5th Workshop on Semantic Deep Learning (SemDeep-5)

Artem Revenko
Semantic Tech Hotspot
10 min readSep 3, 2019

Link to workshop

This year’s SemDeep was one of the most popular workshops at IJCAI: more than 90 attendees registered. Why did the workshop attract so much attention? Are researchers interested to bring semantics into the intransparent deep networks or to employ the recently successful deep models to understand the semantics of data?

Disclaimer What follows is my personal subjective opinion. I mostly consider the works with respect to potential applicability to knowledge graphs (KG). KG is not the only possible application for SemDeep works, however, I hope the presented views to be as generic as the KGs themselves are.

IJCAI 2019 took place in the Venetian hotel in Macao. https://de.wikipedia.org/wiki/Datei:The_venetian_macao_outside_night.jpg

Word in Context Challenge

link to challenge

The workshop started with a linguistic challenge. Given a target word and two contexts for this target word, the task is to identify if the target word is used in the same sense in both contexts. See the table below for examples.

Word in Context: The task

The dataset for the challenge contains more than 7000 pairs and around 3000 unique words. The example sentences were taken from WordNet and are, therefore, manually curated. The remarkable feature of this challenge is that though word senses are very important for solving the task, the task actually avoids defining or even debating about what a word sense actually is. This feature is particularly important for applications. When one searches Google for “Apple smartphones” one does not fall into philosophical debates of what a word sense is. The non-expert users reach an accuracy of about 80% on the prepared challenge.
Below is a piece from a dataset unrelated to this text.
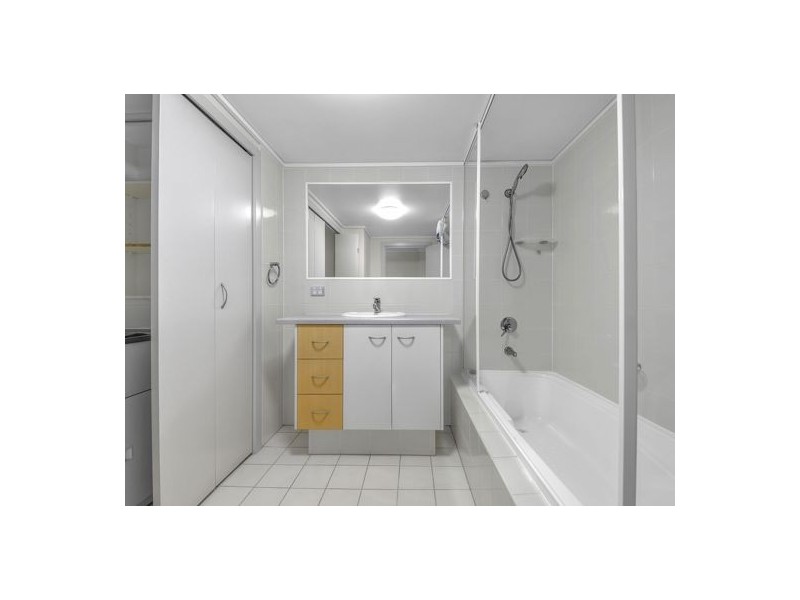 45 Oxlade Drive, New Farm QLD 4005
Though the challenge can be solved using different approaches and not necessarily deep learning, most of the participants did make use of the deep network classifiers to solve the task. This fact is not surprising given the recent achievements of deep learning in the NLU tasks, in particular on the GLUE benchmark (WiC dataset is included in SuperGLUE by the way).

What I found surprising is that the best score among the participants was achieved by a clustering-based approach (Daniel Loureiro and Alípio Mário Jorge LIAAD at SemDeep-5 Challenge: Word-in-Context (WiC)), i.e. not using a deep network classifier. One may argue that the authors clustered embeddings and the embeddings are produced by a neural network. This is true, however, the decision-making unit — the classifier — is not a neural network. Their result is below 70%, leaving a gap of more than 10% to human performance. Hence, the task is challenging for machines and the progress is still to be made!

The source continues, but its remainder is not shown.